MicroKernelPrototype

Source Code

http://svn.apache.org/repos/asf/jackrabbit/sandbox/jackrabbit-j3/

Overview

http://svn.apache.org/viewvc/jackrabbit/sandbox/jackrabbit-j3/src/site/resources/images/drawing.png?revision=939734&view=co

The Jackrabbit 3 MicroKernel prototype consists of the following components:

  • Test Application - uses the JCR 2.0 API to talk to Jackrabbit.
  • Package j3 contains the JCR API implementation and core classes.
  • Package j3.mc contains the MicroKernel implementation.
  • Packages j3.mc.jdbc and j3.mc.mem contain Storage engines implementations.

Core

  • Each RepositoryImpl has a read-only cache of NodeData objects. It also references the MicroKernel Storage and keeps a list of open SessionImpl.
  • Each SessionImpl has a weak-reference map of NodeState objects, to ensure multiple NodeImpl point to the same data. The transient space changes are currently kept in a (hard reference) map of NodeState as well as a list of Change objects. The plan is: if there are too many transient changes, the least recently used ones are stored in the MicroKernel (possibly in the same storage as the regular persistent data, so that a commit will only update pointers; another option is to store transient changes and other parts of the cache in a "temporary repository" if MicroKernel remoting is used). A session references one StorageSession. It also references the RepositoryImpl.
  • A NodeImpl object represents a node with a path. The object contains no data, but it references a parent (for the path) and a NodeState. Multiple NodeImpl objects can reference the same NodeState (shareable nodes, and if the client application requested the same node multiple times).
  • A NodeState is a wrapper for an (unmodified or modified) NodeData object. If the data gets modified, a new NodeData object is created (read-only NodeData objects are immutable). For each shareable node, there is at most one NodeState and one NodeData object per session. NodeState objects also keep a reference to a SessionImpl.
  • A PropertyImpl contains the NodeImpl reference and the property name. It does not contain data. Almost each method calls a method in NodeImpl or NodeState.
  • For each modification, a Change object is created. There are multiple Change subclasses (ChangeAddNode, ChangeRemoveNode, ChangeSetProperty). After each modification, a Change object is added to list in the session, and then the change is applied.

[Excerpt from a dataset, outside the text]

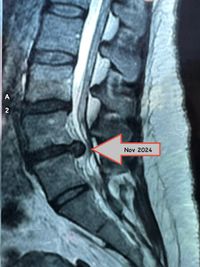 Orthopaedic Physiotherapy & Pain Management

If storing (Session.save) fails because of a concurrent update, the list of changes can be re-applied automatically if required (so that changes are automatically merged). A Change object is also the base for event logging and observation.

Micro Kernel

  • There is one Storage object per repository.
  • Each StorageSession represents a session. A session may or may not have 'state'. For example, a session of a JDBC-based storage engine may reference a JDBC connection, but it doesn't have to (possibly there is only one connection, or each request could open a new connection from a connection pool).
  • NodeData objects contain the actual data in form of Val objects. A NodeData object is mainly a collection of Val objects.
  • A Val object represents a value and a property type. It is immutable.
  • A Bundle object contains the serialized form of one or multiple NodeData objects (a byte array) for those storage engines that serialize the data (which is probably all except for in-memory storage and possibly plain-text persistence if somebody wants to implement that). If the MicroKernel is accessed remotely (which is just an idea for now), the Bundle will most likely also be used to serialize data between the Core and the MicroKernel.
  • There are currently two Storage / StorageSession implementations: an in-memory storage, and a prove-of-concept JDBC storage.